Ülkede ki eğitim sistemine en büyük eleştiri olan her dimağa aynı eğitimin verilmeye çalışılması yöntemi bu altın nesil meselesinde de uygulanmaya çalışmaktadır. Fikrini savunan kişiler isteyen düşünür istiyor ki arkasından gelen takipçileri de kendisiyle aynı şeyleri düşünsün, aynı nitelikte yorum yapsın. Eşyanın tabiatına uygun olmayan bu durum kendi ezberini tekrardan başka da bir işe yaramıyor maalesef. Çünkü dış dünya reddediliyor. Sorunlar kalıp, çözümler kalıp… Güncel sorunlara ise herhangi bir çözüm getirilemeyip geçmişin tekrarlarıyla tedarik edilmeye çalışılmakta. İnsanın, insan ilişkilerinin olduğu yerde her daim yenilenen sosyal tekamülün anlaşılması için gereken yenilenebilme ancak gençler sayesinde olur. Toplumun değişimini en net şekilde gösteren kitle gençlik olduğuna göre sırf fikir sahibi olarak yetiştirme sevdasına bu insanların dünyalarını kısıtlamak, tek tipleştirmek, sadece bir pınardan beslemek altın nesil yetiştirmek gayesine hizmet etmeyecektir.
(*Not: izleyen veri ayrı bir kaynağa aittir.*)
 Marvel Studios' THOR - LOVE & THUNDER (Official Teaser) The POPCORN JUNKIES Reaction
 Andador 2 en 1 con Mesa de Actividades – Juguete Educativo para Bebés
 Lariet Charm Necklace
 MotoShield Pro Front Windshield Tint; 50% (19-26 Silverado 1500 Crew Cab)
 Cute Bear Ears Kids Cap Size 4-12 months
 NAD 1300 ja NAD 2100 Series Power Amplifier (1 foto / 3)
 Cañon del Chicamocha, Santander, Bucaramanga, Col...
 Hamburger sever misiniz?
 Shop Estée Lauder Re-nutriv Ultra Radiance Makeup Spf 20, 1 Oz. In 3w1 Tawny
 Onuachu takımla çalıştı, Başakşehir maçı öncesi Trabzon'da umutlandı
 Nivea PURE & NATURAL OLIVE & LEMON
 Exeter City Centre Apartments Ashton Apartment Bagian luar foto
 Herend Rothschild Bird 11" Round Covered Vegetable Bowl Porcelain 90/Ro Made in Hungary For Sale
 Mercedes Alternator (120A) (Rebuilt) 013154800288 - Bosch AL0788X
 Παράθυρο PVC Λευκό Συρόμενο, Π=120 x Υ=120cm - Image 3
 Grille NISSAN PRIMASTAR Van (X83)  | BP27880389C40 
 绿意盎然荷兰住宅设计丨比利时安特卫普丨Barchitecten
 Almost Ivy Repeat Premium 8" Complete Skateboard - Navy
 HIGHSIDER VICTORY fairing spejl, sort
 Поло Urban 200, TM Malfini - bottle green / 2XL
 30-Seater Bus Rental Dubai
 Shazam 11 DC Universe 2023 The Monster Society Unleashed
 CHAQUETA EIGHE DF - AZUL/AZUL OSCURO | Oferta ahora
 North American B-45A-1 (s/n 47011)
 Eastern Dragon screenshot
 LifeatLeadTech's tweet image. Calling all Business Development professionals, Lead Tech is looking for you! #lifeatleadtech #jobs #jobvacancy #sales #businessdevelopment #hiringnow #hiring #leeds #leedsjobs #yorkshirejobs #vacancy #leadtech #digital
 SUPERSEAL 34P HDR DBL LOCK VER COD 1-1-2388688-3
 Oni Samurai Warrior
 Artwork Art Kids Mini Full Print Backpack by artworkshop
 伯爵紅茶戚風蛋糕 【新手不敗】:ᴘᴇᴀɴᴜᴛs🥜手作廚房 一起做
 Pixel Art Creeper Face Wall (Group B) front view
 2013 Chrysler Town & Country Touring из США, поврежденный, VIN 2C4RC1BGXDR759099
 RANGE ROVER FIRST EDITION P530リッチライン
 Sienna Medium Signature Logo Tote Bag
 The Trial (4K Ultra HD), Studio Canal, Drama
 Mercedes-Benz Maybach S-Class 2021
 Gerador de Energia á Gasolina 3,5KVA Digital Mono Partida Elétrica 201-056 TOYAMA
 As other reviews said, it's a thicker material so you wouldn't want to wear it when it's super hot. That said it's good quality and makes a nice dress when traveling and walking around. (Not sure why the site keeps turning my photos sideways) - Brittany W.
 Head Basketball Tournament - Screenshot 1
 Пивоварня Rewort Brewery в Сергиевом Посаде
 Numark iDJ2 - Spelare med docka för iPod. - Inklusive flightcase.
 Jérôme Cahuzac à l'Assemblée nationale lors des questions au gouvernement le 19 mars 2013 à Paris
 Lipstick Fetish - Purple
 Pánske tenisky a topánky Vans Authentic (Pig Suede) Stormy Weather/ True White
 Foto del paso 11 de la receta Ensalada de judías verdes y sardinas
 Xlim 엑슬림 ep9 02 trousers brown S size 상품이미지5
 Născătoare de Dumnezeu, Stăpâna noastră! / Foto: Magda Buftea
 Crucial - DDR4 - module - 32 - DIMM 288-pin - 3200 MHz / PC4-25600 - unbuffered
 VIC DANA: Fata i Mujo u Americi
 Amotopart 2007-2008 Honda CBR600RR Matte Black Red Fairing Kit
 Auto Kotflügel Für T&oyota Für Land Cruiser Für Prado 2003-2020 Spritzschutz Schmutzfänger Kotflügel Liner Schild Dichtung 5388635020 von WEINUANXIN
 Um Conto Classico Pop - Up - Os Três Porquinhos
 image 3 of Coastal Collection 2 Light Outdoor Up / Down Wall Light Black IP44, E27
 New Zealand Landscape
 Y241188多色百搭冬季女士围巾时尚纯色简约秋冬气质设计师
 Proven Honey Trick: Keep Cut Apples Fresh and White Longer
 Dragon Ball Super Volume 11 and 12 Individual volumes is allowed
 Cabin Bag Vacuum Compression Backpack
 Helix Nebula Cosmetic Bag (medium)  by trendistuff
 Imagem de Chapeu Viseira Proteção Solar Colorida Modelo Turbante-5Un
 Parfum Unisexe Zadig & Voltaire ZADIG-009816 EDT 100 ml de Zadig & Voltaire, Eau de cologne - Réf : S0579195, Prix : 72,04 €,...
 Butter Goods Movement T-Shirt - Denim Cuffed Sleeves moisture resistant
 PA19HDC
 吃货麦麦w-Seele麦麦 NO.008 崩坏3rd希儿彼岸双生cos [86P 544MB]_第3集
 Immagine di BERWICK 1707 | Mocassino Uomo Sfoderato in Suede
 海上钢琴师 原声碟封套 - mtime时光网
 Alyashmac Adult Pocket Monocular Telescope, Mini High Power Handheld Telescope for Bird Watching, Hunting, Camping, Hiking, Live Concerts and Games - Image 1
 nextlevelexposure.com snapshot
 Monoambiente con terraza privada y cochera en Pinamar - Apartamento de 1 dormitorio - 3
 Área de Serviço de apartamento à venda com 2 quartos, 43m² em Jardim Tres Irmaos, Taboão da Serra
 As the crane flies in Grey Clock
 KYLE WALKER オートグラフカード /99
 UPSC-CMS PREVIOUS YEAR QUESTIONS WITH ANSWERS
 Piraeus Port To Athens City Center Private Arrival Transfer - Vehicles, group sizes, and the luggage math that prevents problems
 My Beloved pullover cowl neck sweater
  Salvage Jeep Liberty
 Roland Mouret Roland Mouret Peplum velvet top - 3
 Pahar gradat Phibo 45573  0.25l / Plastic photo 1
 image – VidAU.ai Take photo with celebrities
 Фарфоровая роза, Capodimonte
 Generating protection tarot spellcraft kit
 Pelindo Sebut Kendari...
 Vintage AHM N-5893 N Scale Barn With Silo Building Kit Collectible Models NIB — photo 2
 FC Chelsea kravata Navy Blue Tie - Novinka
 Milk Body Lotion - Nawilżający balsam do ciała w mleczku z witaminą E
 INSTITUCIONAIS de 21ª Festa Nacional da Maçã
Nesil yetiştirmek isteyen büyüklerin, ilim ve irfan sahiplerinin ilk görmesi gereken gerçek budur. Gençlerin hepsi her şeyi aynı derecede bilmek, bir konuya aynı şekilde yorum yapmak zorunda değildir. Büyükleriyle aynı gündeme sahip olmaları da şart değildir. Yetişecek nesil; kendi yaşıtlarının sorunlarına eğilebilmeli, kendi arkadaşlarına derman olabilmeli, işte bu deva arayışında penceresi mensubu olduğu fikir olmalıdır. Yani gençler dünyaya fikir dünyalarından bakmalıdır, ama BAKMALIDIR. Spor, sanat, akademi, teknik bilimler, ilahiyat, edebiyat gibi ilgi alanlarında uzmanlaşabilmeli, bu alanlara fikirleri ile yeni bakış açıları getirebilmeli. Dünyalarını hazır okuma listelerinden ibaret tutmayıp aktüel eğilimlere de duraksamaksızın yanıt verebilmeli, başarılı olmalıdır. Herkesin kendi işinde başarılı olduğu bir fikirse zaten kendi altın neslini bulmuş demektir.